RPD took 13,750 calls in '12; many affected by alcoholFeb 14, 2013 By Alejandra Silva, Staff Writer
The Riverton Police Department handled 13,750 calls for service in 2012. The calls varied from proactive police enforcement to shoplifting.
Riverton police chief Mike Broadhead presented the numbers to city council members Feb. 5 after the council expressed interest in knowing the data before renewing liquor licenses in Riverton for 2013.
Any calls for service generate a police report. From that total, 8 percent of the calls for service came from the city's 32 liquor license holders, which includes retail, restaurant, tavern and club licenses.
"The police department is not requesting any kind of action against any of the liquor license holders in town," Broadhead said.
Broadhead listed the locations to the council and broke down the exact numbers and explained the different types of calls.

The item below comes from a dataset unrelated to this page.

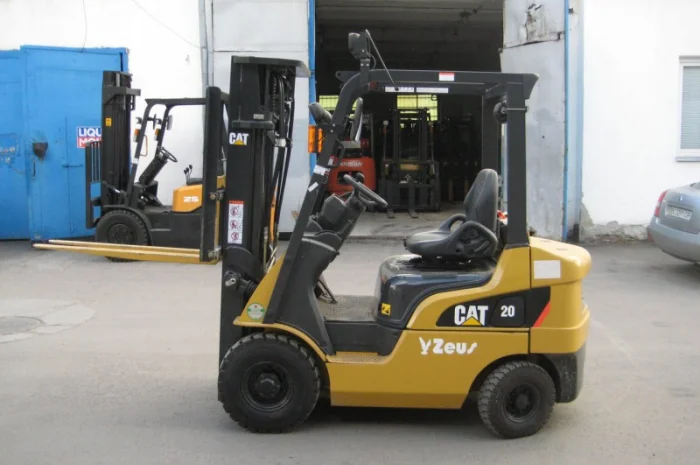 Продам погрузчик вилочный Caterpillar DP20CNT. Супер акция- фото № 4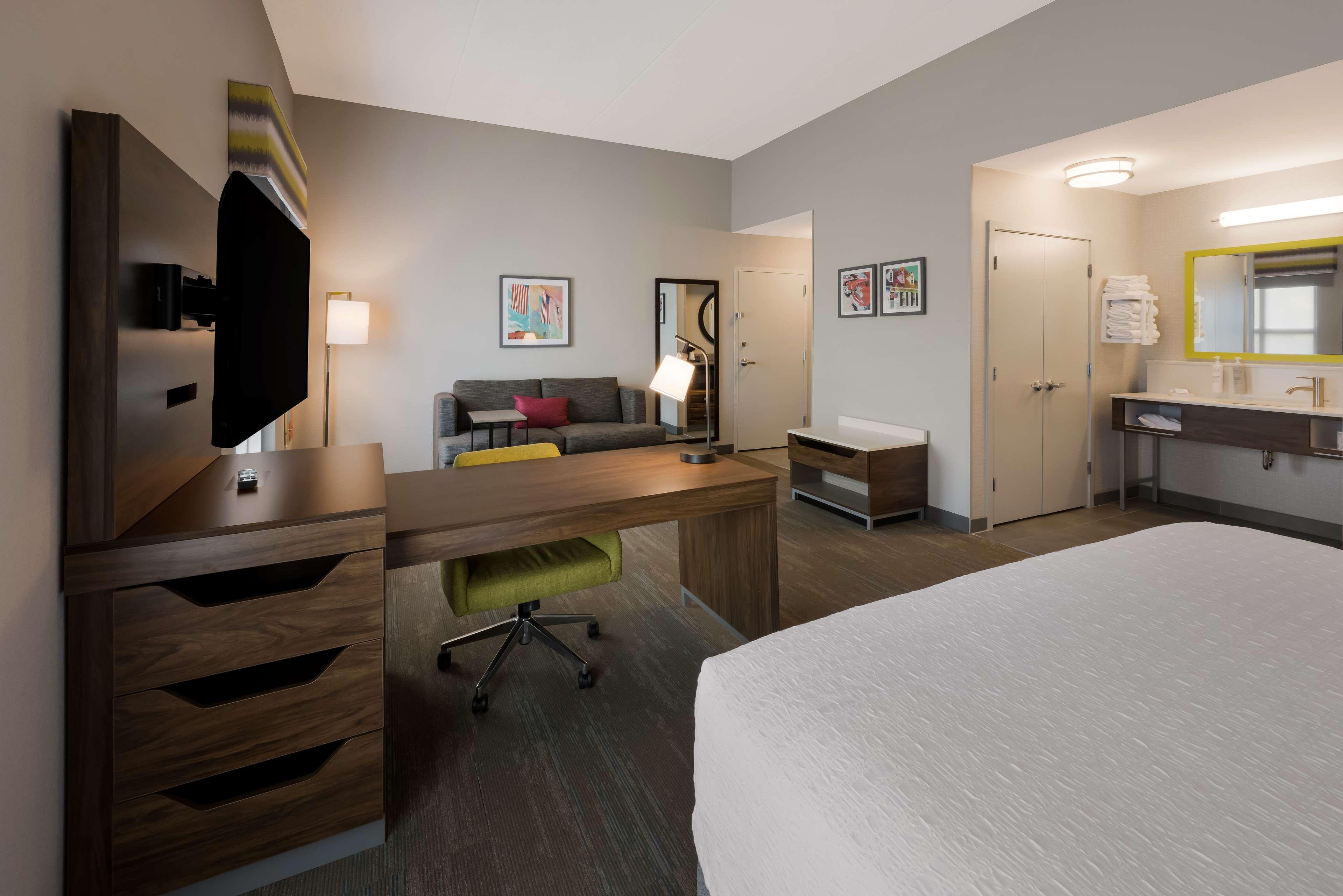 hampton inn and suites fredericksburg at celebrate virginia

He noted that if several phone calls are received from a car accident, it would count as one call for service.
Not all bad
Broadhead emphasized to the council that not all calls are "negative."
"There are some calls for service that are good and not necessarily a bad thing," he said.
An example of a good call could be if a liquor license holder makes a call to the police department if he suspects there's an intoxicated person at the establishment who's going to drive.
The police department, Broadhead said, prefers receiving phone calls before a problem escalates.
He said some incidents take place in a parking lot, but a business's address may be used for tracking purposes.
The police chief's report showed calls ranging from alcohol sold to a minor, shoplifting, intoxicated subjects, alarms that go off, and disturbances, which can then be broken down to assault, family disagreement, harassment or fight.
Broadhead said a larger number of disturbance calls were reported from places that are located in areas where intoxicated people typically mingle or is popular for liquor sales.
He said that although many of the calls have nothing to do with crime or alcohol, he estimated at least 50 percent of the people taken into custody last year were under the influence of alcohol or drugs.
Broadhead also suggested to the council that if members thought further action needed to be taken with a particular establishment with a high number of negative calls for service, then they could possibly administer a warning or fail to renew their liquor license.
Broadhead said communication between the police department and the liquor license holders has improved significantly and said they will continue to work together to reduce the number of negative calls for service. The police department presented no concerns with any individual liquor license holders or their businesses.
The full report is available from the Riverton police department.